[Intel-xe] [RFC] drm/xe: Introduce xe_ASSERT macros

Tue Aug 1 08:19:07 UTC 2023

On Fri, 28 Jul 2023, Michal Wajdeczko <michal.wajdeczko at intel.com> wrote:
> On 28.07.2023 21:47, Vivi, Rodrigo wrote:
>> On Fri, 2023-07-28 at 21:25 +0200, Michal Wajdeczko wrote:
>>> As we are moving away from the controversial XE_BUG_ON macro,
>>> relying just on WARN_ON or drm_err does not cover the cases
>>> where we want to annotate functions with additional detailed
>>> debug checks to assert that all prerequisites are satisfied,
>>> without paying footprint or performance penalty on non-debug
>>> builds, where all misuses introduced during code integration
>>> were already fixed.
>>>
>>> Introduce family of xe_ASSERT macros that try to follow classic
>>> assert() utility and can be compiled out on non-debug builds.
>> 
>> This is indeed much better and clear then the XE_BUG_ON.
>> 
>> Also, let me be clear that my intention with reply is not to
>> block the introduction of this assert macro.
>
> thanks
>
>> 
>> But I'd like to raise my concern(s?) with such assert macros:
>> 
>> In many cases that we currently use these macros are actually
>> very useful on production build. Whenever we receive bug reports
>> we should be able to ask the reporter to get a dmesg or enable
>> a drm.debug and get a message and we could see these, without
>> ever having to ask the report to rebuild the kernel with a debug
>> config.
>
> you should think of xe_assert() as extension to static_assert() but
> aimed to be executed during internal CI builds only, when we run basic
> integration tests, and were we are able to quickly catch all misuses,
> caused by rapid or multiple changes going in.
>
>> 
>> Then, we add this in the code and we start using this everywhere
>> without stopping to think if that would be good in a report and
>> we end up with a code full of asserts and big problem to get the
>> useful information from the bug reports.
>
> those asserts shouldn't fire beyond integration builds - if someone uses
> assert() to tag unfinished work, then it's simply wrong, in such cases
> true WARN and correct fallback shall be implemented - and that's the
> role of the reviewers to spot it ;)

Naming this ASSERT is the first step towards proper usage, because it
implies it might be different for regular and debug builds.

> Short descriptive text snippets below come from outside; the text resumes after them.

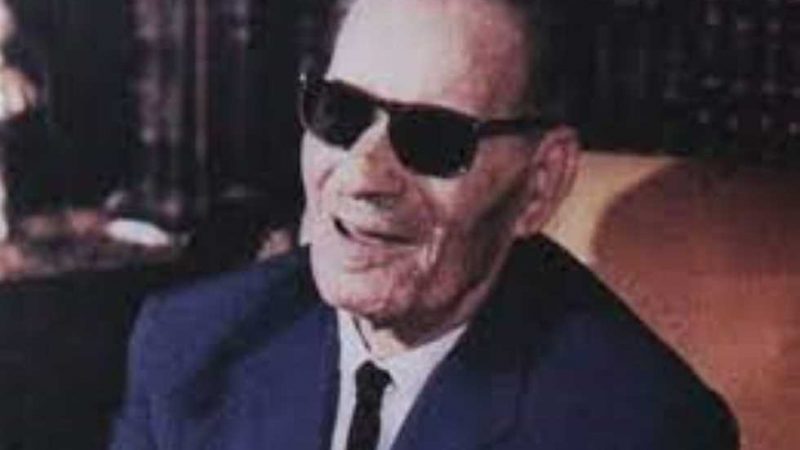 «زي النهارده».. وفاة عميد الأدب العربي الدكتور طه حسين 28 أكتوبر 1973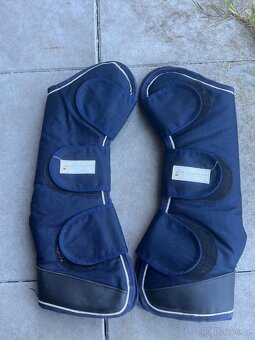 Přepravní kamaše - 2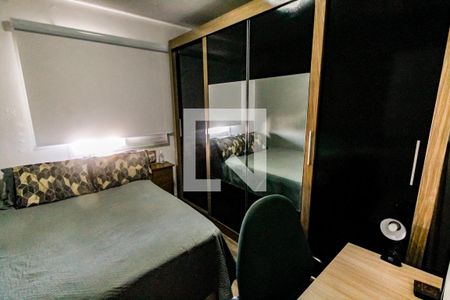 Quarto 1 de apartamento à venda com 3 quartos, 69m² em Vila Andrade, São Paulo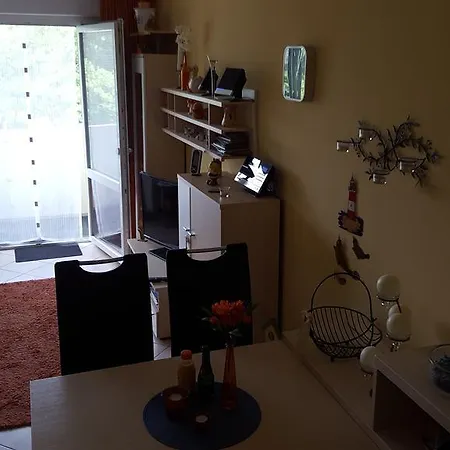 Ferienappartement 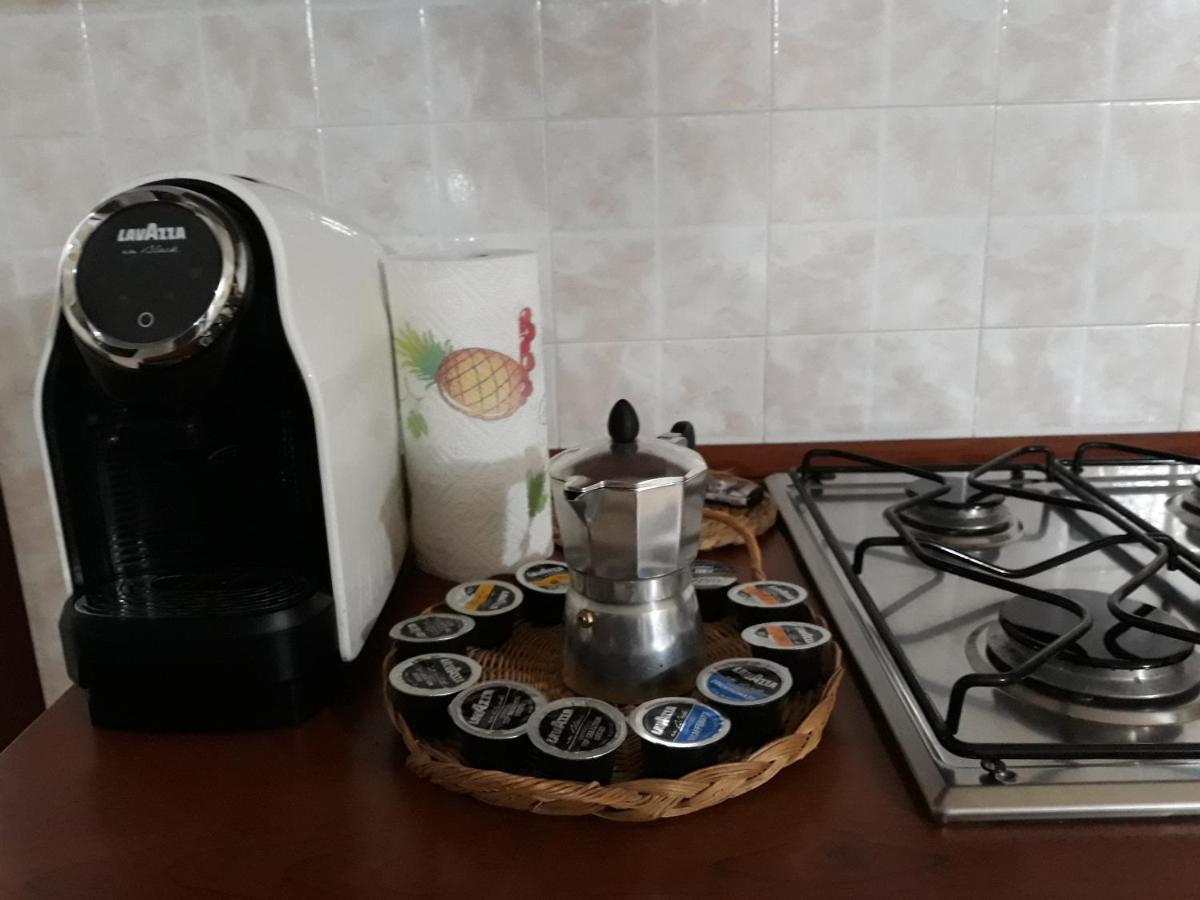 B&B Del Borgo Mondovi Bagian luar foto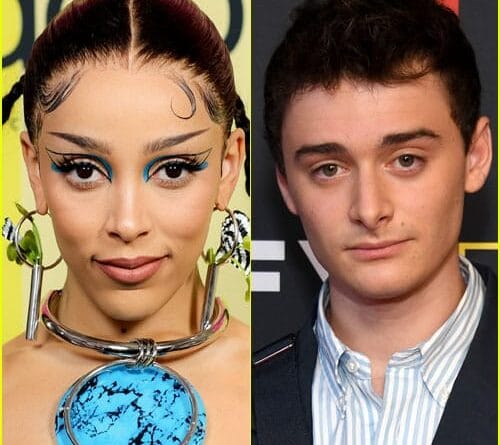 Foto: reprodução/ Just Jared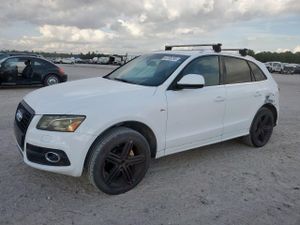 Audi Q5 PREMIUM PLUS 3.2L 6 2011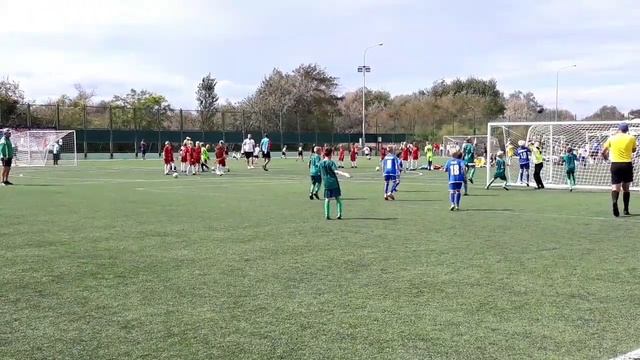 📱ДЮСШ РППК - РЦПФ НН 2 тайм смотреть онлайн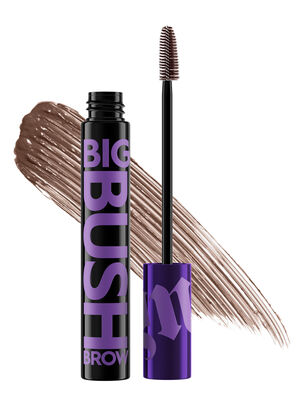 Big Bush Brow Gel Voluminizador Color Cejas Brunette Betty 5.5 ml,,hi-res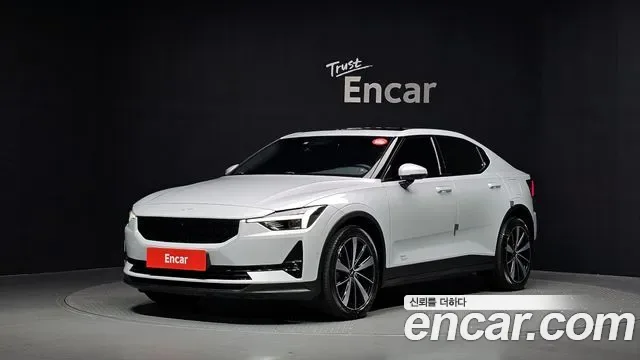 Polestar 2 Fallstar 2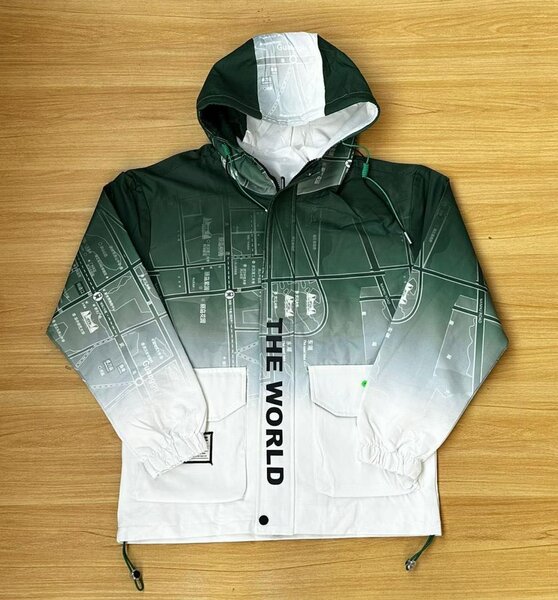 Stanleys Jacket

The second step would be adding a comment documenting the usage.

I think in general the idea behind the conditional GEM_BUG_ONs was to
avoid the performance impact of leaving them in place. But then we've
started sprinkling GEM_BUG_ON indiscriminately, because you didn't have
to think about performance. 1200+ instances of GEM_BUG_ON in i915. It's
just crazy.

>
>> 
>> Aside from the fact that we end up going far from other drm and
>> non-drm kernel drivers and starting from day 0 a driver full of
>> driver-isms.
>
> maybe because our driver(s) are bigger and more complex ? also much more
> developers are working on it, with multiple refactoring going constantly
> on, so we should have mechanism to allow us catching unexpected uses
> without polluting production driver too much.
>
> btw, DRM already has assert() but named as bug()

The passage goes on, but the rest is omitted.